━━ Data records
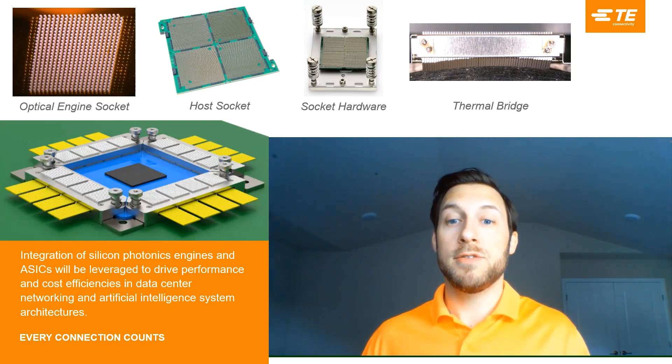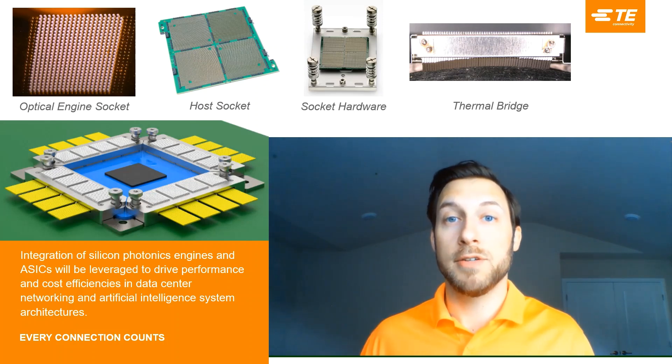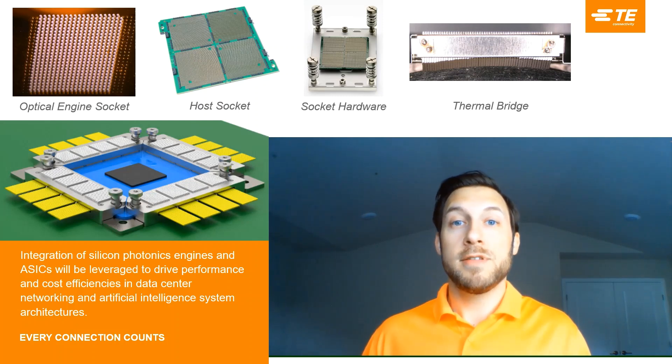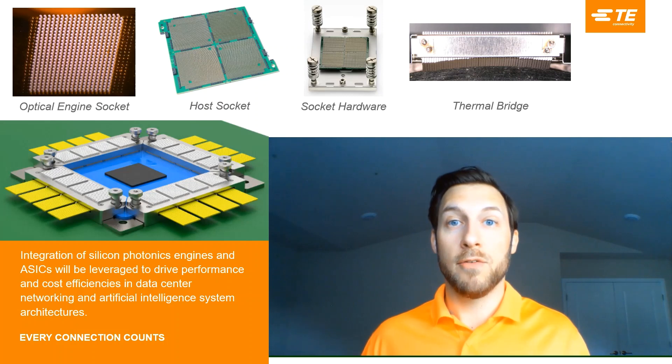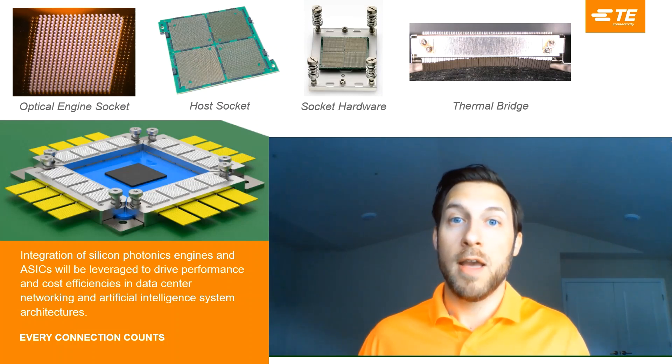TE has been engaged in the industry to bring several technology solutions to market for co-packaging applications. Some of these technologies include fine pitch and high-speed sockets, mechanical fixturing and socket hardware, and advanced thermal solutions like our thermal bridge.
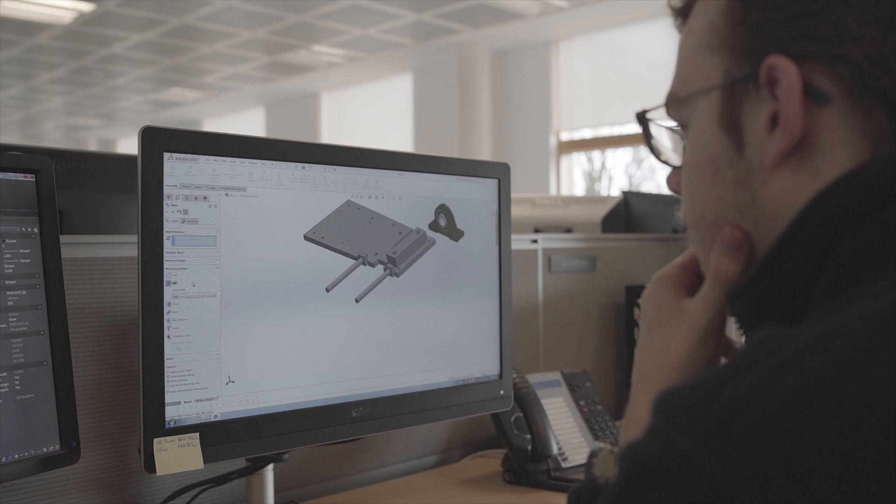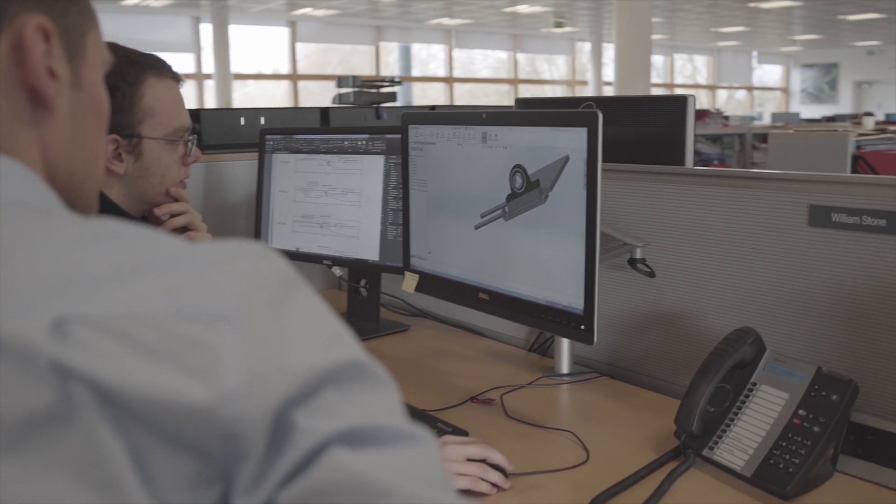For this apprenticeship I'm on day release at Reading College studying my Level 3 BTEC in construction and the environment, and I'm at work doing project work for the remaining four days of the week.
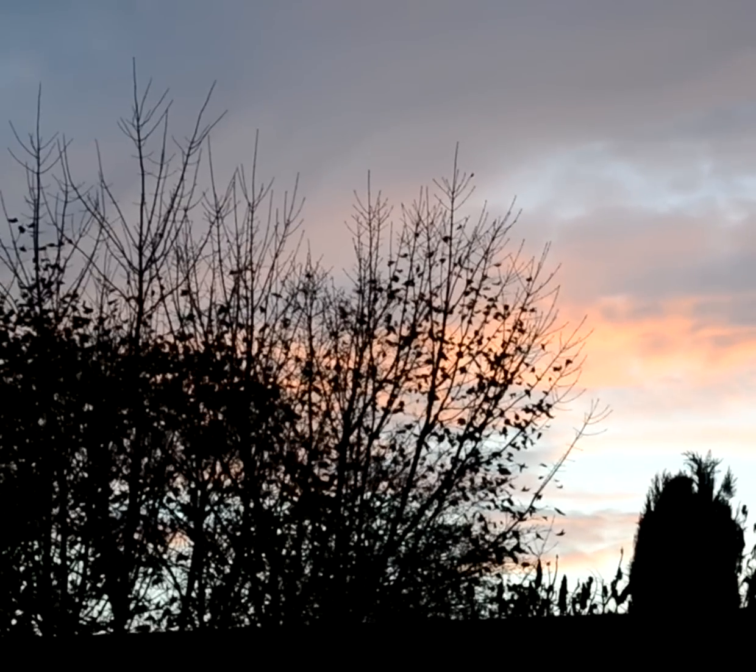Red sky at night, shepherd's delight. I'm guessing that's a common phrase that hopefully a lot of you have heard of. But literally, why is the sky red at night?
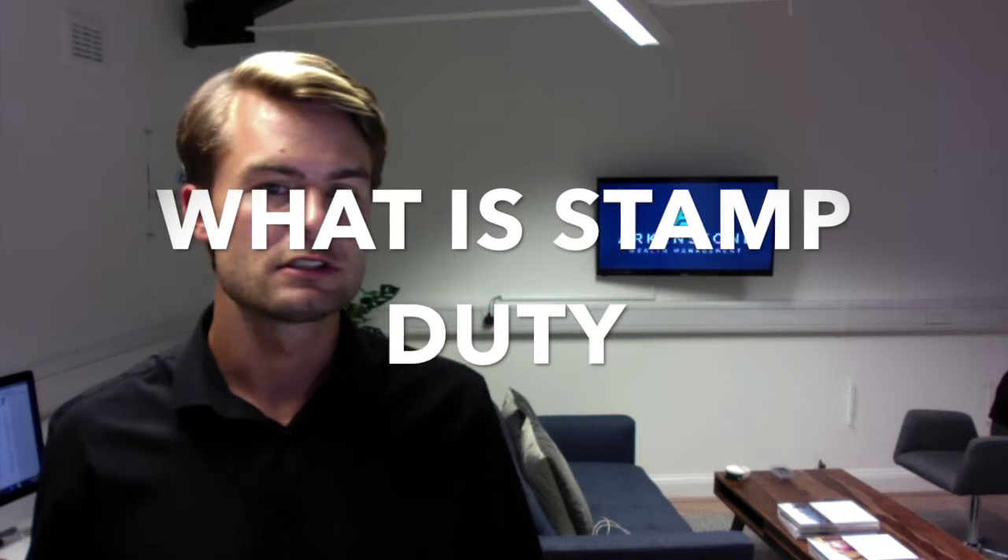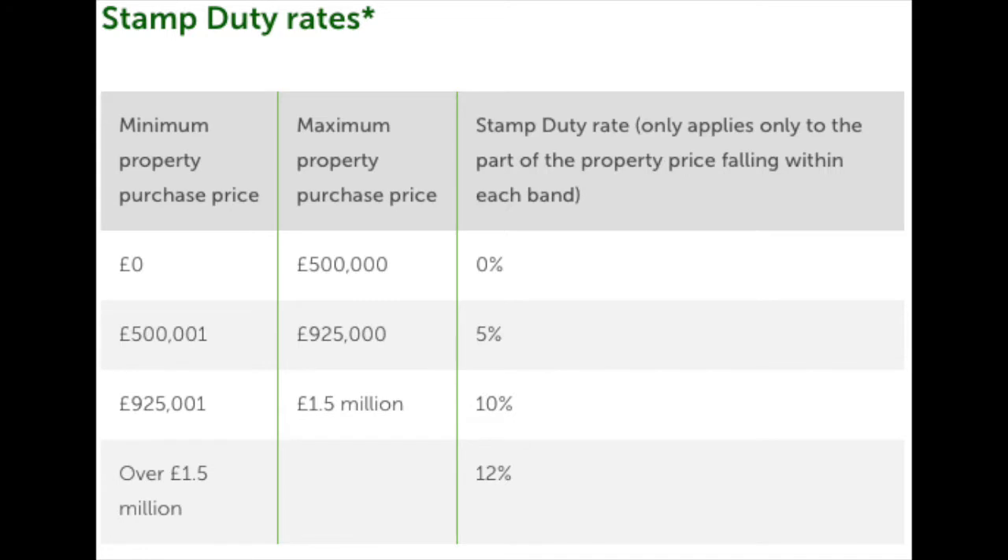So firstly, what is stamp duty? Simply put, it's the tax that you pay when you're purchasing a property. And this has always been implemented from property purchases of £125,000 and upwards. But now with the recent changes, property purchases up to £500,000 are now tax free. And anything above £500,000, that amount is then taxed separately.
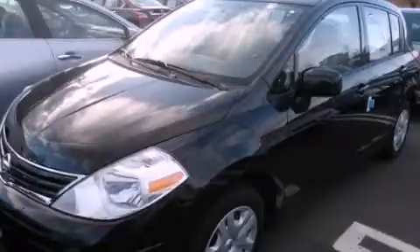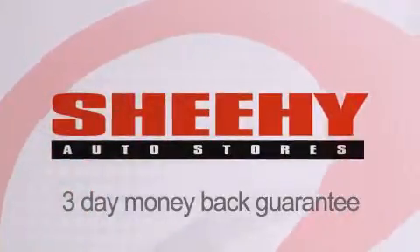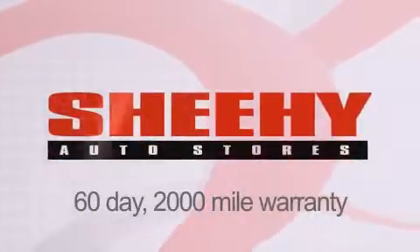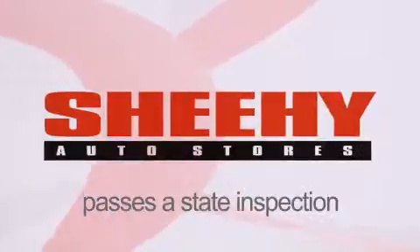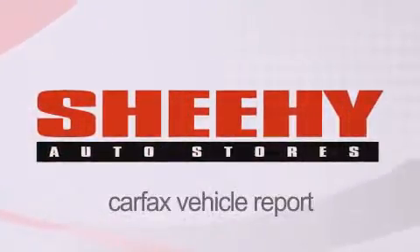Contact us today and schedule your opportunity to see this vehicle in person. Every Sheehy Select used vehicle comes with a three-day money-back guarantee, a 60-day, 2,000-mile warranty, passes a state inspection and our 175-point inspection system, and comes with a Carfax vehicle report.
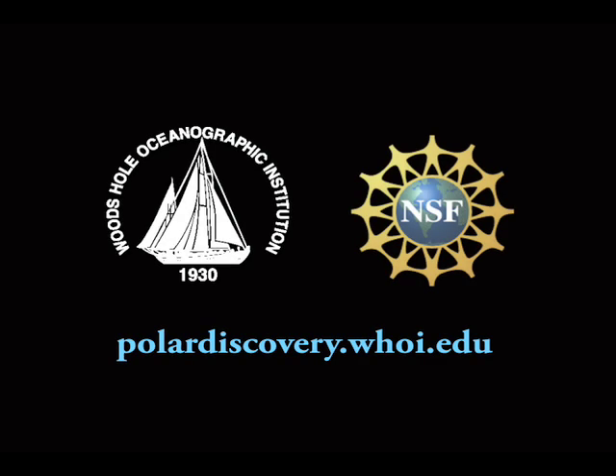This podcast was produced by the Woods Hole Oceanographic Institution, with funding from the National Science Foundation. For more information, visit us on the web at polardiscovery.whoi.edu.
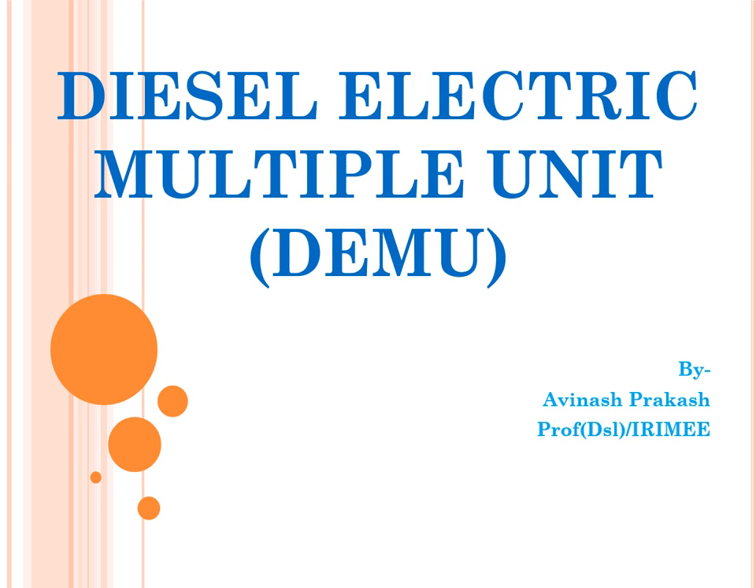Hi friends, welcome to this presentation on introduction to DEMU, that is Diesel Electric Multiple Unit. I am Avinash Prakash, working as professor of diesel traction in EDMI. This is only an introductory session on DEMU, and I have restricted my presentation from going into the details of the system, which will become technical and require much more time for better appreciation.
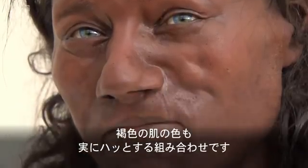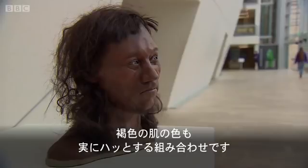We've got his hair form, his skin, his blue eyes and that dark skin colour — that combination is really striking.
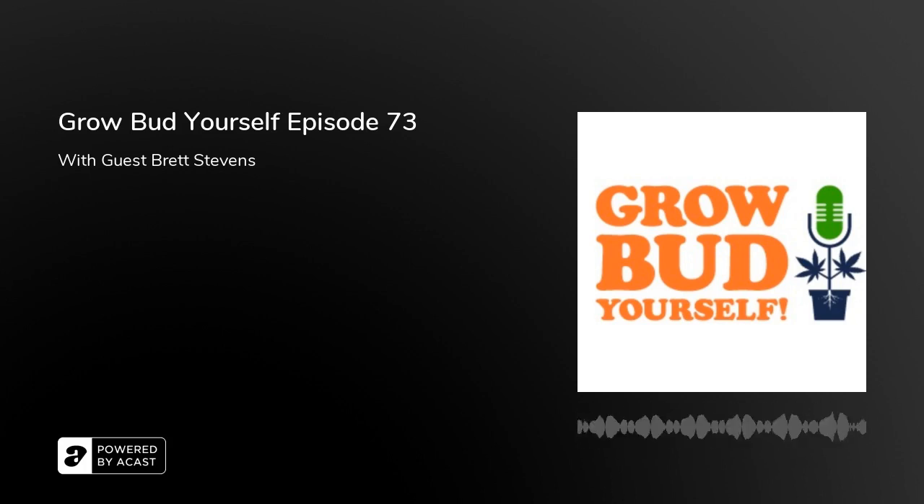Welcome to episode 73 of Grow Bud Yourself. This week our interview is with Brett Stevens, CEO of FOHSE LED Lighting, talking about new advancements in LED technology for cannabis production. We also have our strain of the fortnight, tips on diagnosing and treating a thrip infestation, and grow Q&A from listeners. Episode 73 is brought to you by Organic Rev, Rocket Seeds, Sweet Leaf Plant Nutrients, and Excelsior Extracts.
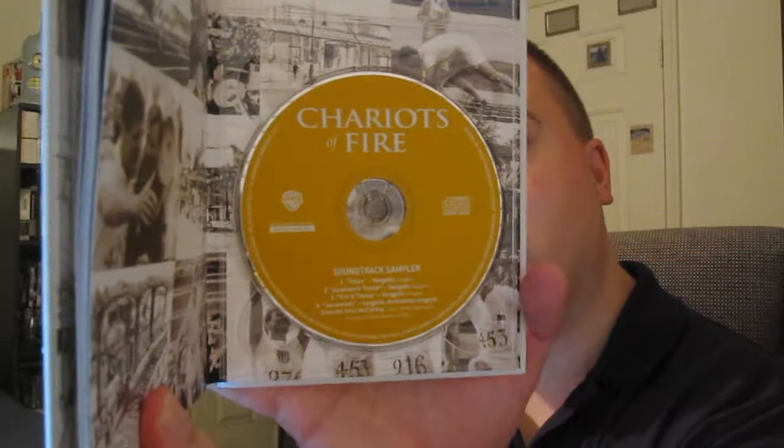And this release by Warner Brothers Home Entertainment is amazing. It's a two-disc release — first you have the movie and the special features, and then you have the soundtrack sampler with four tracks. If you've seen Chariots of Fire, definitely let me know what you think. Now I'm going to show you a more in-depth look at this Blu-ray Digibook.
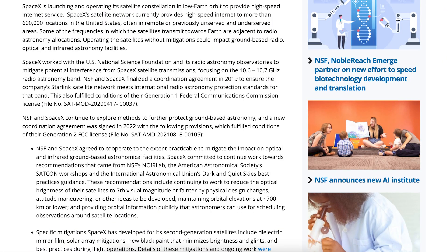There was an article posted about the National Science Foundation and SpaceX working together to mitigate the effects of Starlink on ground-based astronomy. SpaceX worked with the NSF and its radio astronomy observatories to mitigate potential interference from SpaceX satellite transmissions, focusing on the 10.6–10.7 gigahertz radio astronomy band. NSF and SpaceX continue to explore methods to further protect ground-based astronomy, and a new coordination agreement was signed in 2022 fulfilling conditions of their Generation 2 FCC license.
━━━━
§ **Task item**:
Starting with the line that has "So firstly, what" and going on through the line that has "This podcast was", transcribe the records above exactly, but skip the pictures.

§ **Expected answer**:
So firstly, what is stamp duty? Simply put, it's the tax that you pay when you're purchasing a property. And this has always been implemented from property purchases of £125,000 and upwards. But now with the recent changes, property purchases up to £500,000 are now tax free. And anything above £500,000, that amount is then taxed separately.
Contact us today and schedule your opportunity to see this vehicle in person. Every Sheehy Select used vehicle comes with a three-day money-back guarantee, a 60-day, 2,000-mile warranty, passes a state inspection and our 175-point inspection system, and comes with a Carfax vehicle report.
This podcast was produced by the Woods Hole Oceanographic Institution, with funding from the National Science Foundation. For more information, visit us on the web at polardiscovery.whoi.edu.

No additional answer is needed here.